What you are asked to do:
Give back every record verbatim, but not the pictures.

Data shown:
==========
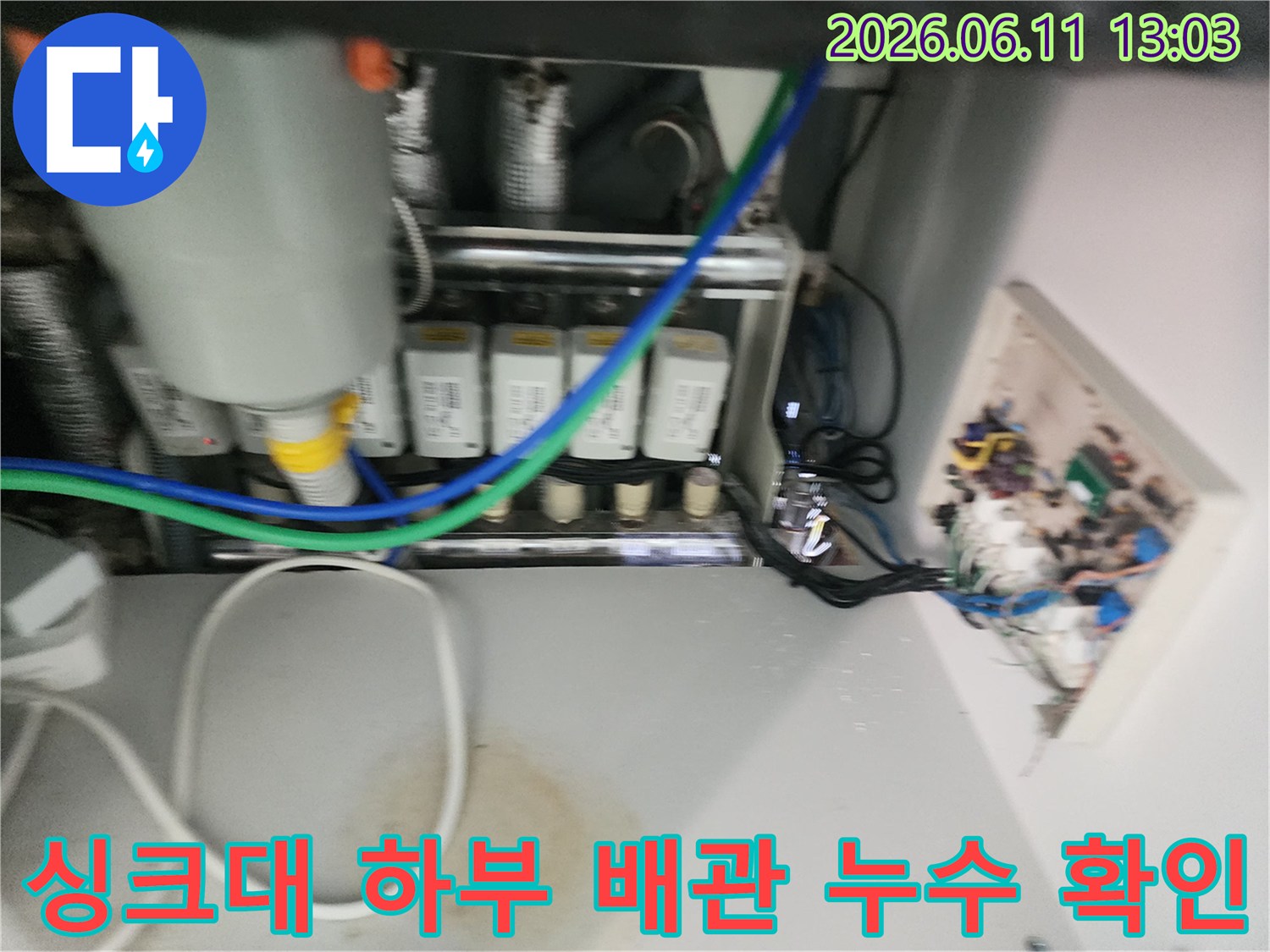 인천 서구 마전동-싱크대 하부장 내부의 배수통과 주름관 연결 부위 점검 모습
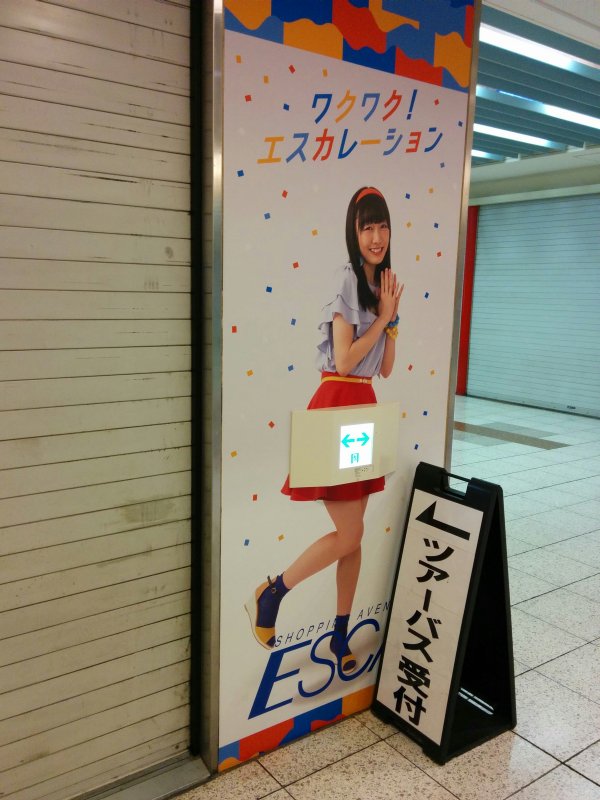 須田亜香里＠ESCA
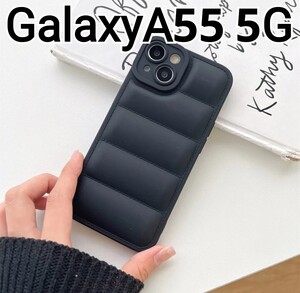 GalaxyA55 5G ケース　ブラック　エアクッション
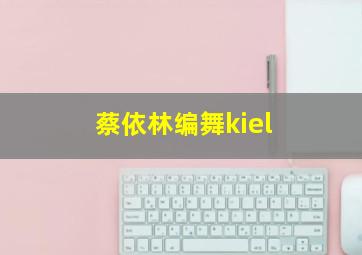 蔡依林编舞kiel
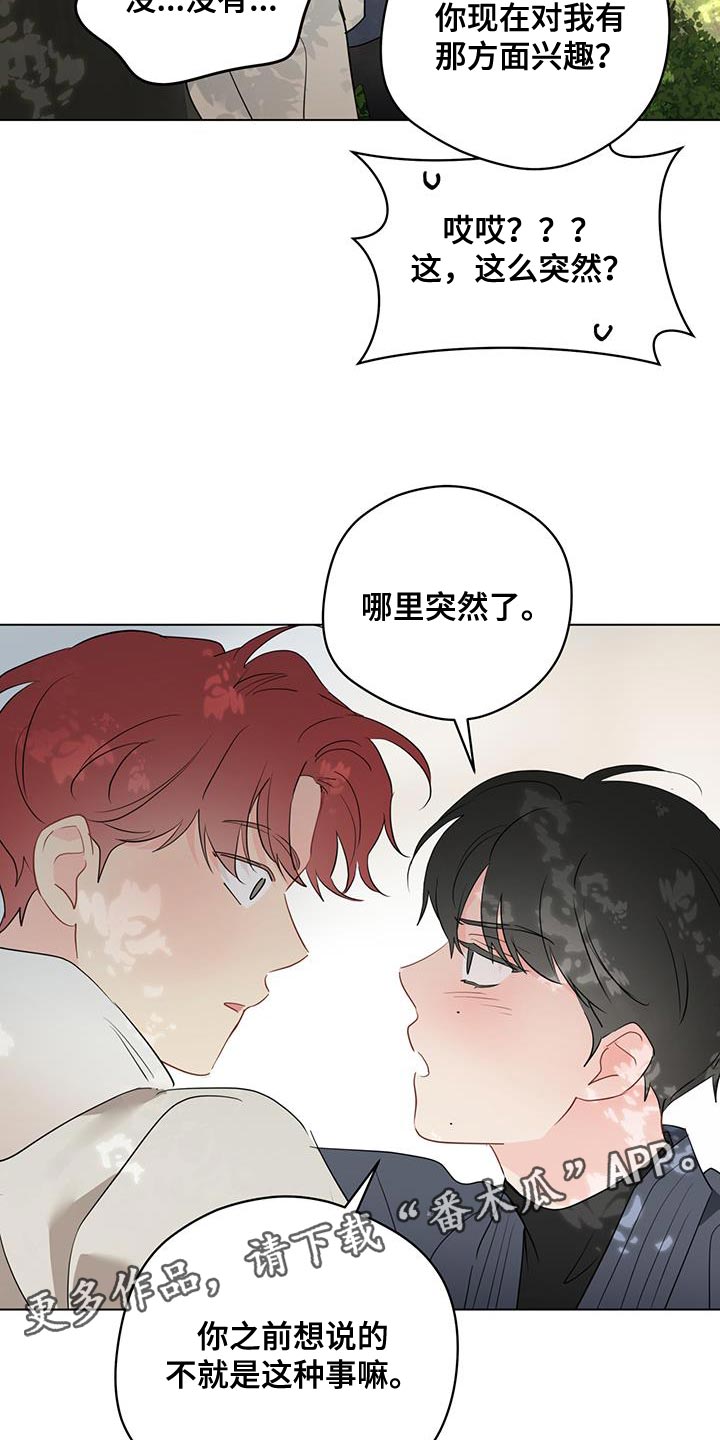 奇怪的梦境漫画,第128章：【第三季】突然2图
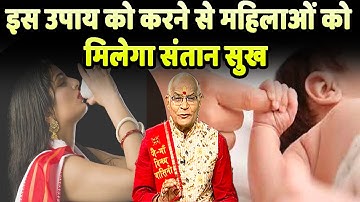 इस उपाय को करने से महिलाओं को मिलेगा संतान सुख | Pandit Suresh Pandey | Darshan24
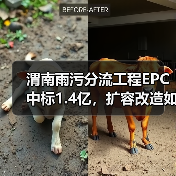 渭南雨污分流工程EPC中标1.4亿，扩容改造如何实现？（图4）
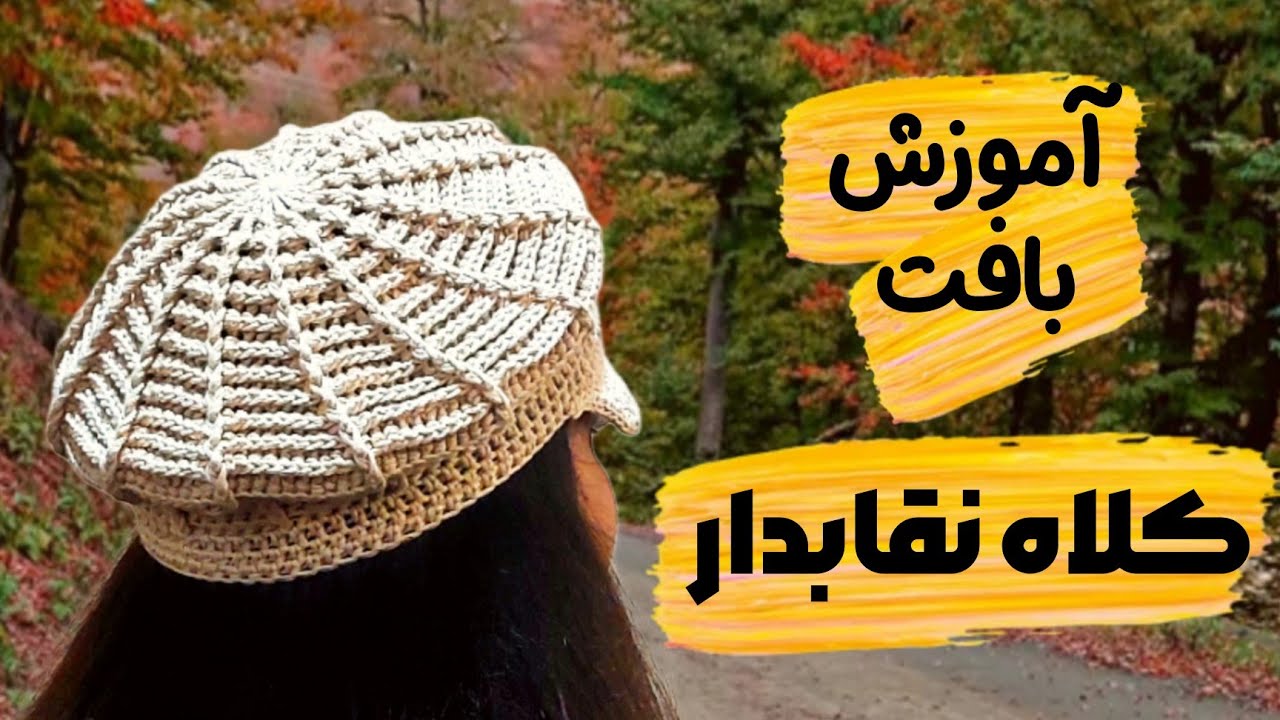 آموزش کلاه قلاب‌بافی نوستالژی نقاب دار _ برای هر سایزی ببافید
==========
Answer:
 인천 서구 마전동-싱크대 하부장 내부의 배수통과 주름관 연결 부위 점검 모습
 須田亜香里＠ESCA
 GalaxyA55 5G ケース　ブラック　エアクッション
 蔡依林编舞kiel
 奇怪的梦境漫画,第128章：【第三季】突然2图
 इस उपाय को करने से महिलाओं को मिलेगा संतान सुख | Pandit Suresh Pandey | Darshan24
 渭南雨污分流工程EPC中标1.4亿，扩容改造如何实现？（图4）
 آموزش کلاه قلاب‌بافی نوستالژی نقاب دار _ برای هر سایزی ببافید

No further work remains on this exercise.